24th January, 2011
The vaccine to fight tuberculosis (TB) before and after infection has been developed by Danish scientists.
It could offer protection for many years more than is now possible.
TB is a huge global problem, particularly in developing countries, where access to antibiotics to treat the disease is limited.
The latest vaccine, so far tested in animals, is featured in the journal Nature Medicine.
TB is a disease of the lungs, causing symptoms such as coughing, chest pains and weight loss. Untreated, it can be deadly.
However, only in a small number of cases – fewer than 5% – do the symptoms develop immediately after infection.
In more than 90% of cases, once Mycobacterium tuberculosis, the bacterium which causes the disease, has invaded the body it changes its chemical signature, and lives in a dormant – or “latent” – state.
Usually the bacterium never emerges from this latent state, but in around 10% of cases it reactivates – often years or even decades later – to trigger severe symptoms.

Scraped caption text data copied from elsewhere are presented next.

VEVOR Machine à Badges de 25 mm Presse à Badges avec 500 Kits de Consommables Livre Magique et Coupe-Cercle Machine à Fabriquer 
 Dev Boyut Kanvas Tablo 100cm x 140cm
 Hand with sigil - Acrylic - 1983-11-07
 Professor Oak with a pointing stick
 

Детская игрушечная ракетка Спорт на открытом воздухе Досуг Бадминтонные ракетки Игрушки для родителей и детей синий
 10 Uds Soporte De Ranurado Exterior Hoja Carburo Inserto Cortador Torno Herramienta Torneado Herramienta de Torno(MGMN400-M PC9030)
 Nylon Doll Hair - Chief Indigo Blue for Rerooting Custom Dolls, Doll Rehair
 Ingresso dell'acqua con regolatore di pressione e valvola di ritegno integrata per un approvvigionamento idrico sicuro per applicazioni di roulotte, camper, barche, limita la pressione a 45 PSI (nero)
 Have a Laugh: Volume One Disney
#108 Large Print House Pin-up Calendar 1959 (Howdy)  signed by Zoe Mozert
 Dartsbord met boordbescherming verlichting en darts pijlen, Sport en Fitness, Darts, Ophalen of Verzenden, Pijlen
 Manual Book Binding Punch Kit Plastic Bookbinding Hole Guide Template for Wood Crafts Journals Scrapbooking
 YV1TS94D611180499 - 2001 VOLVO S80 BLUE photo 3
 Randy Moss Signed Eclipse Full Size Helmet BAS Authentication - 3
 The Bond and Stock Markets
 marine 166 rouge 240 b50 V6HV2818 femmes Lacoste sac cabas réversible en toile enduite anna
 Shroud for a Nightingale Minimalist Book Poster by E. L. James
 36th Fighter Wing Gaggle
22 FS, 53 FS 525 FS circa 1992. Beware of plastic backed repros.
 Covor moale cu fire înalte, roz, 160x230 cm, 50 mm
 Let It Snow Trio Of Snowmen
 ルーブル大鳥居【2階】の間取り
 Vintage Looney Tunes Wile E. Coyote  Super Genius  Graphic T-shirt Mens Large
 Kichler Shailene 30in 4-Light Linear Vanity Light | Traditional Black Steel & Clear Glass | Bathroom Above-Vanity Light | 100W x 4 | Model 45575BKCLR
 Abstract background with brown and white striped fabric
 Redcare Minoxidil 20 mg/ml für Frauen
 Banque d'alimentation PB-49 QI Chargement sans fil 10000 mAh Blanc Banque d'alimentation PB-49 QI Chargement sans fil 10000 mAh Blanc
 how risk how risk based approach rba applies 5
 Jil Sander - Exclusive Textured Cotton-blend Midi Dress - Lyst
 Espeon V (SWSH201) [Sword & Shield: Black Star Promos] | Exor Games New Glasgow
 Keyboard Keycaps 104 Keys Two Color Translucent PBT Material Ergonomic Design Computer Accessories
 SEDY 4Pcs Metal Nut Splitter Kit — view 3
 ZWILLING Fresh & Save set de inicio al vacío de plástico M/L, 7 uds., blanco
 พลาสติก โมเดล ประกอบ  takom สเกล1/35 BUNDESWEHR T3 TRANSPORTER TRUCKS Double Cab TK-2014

Current vaccines, such as the BCG vaccine, work only if given before exposure to the bacterium.
They do not prevent infection, but do prevent acute symptoms and disease from emerging.
But once the bacterium has changed into its latent form it is effectively immune to the vaccine, and can bide its time, reactivating after the vaccine has ceased to have a preventative effect.
If successful in human trials, the new vaccine would be able to tackle that problem.
Developed by a team at the Statens Serum Institute in Copenhagen, it combines proteins that trigger an immune response to both the active and latent forms of Mycobacterium.
Researcher Professor Peter Lawætz Andersen said: “It might be possible to give a booster jab post-exposure to older children or even young adults which would protect them well into adulthood.”
Although TB can be treated with antibiotics, those drugs are often not easily accessible in the developing world, where the new vaccine could have the greatest benefit.
Professor Andersen said: “In these areas you cannot go in and treat more than half the local population. For instance, in Capetown 60% of people are thought to be infected.”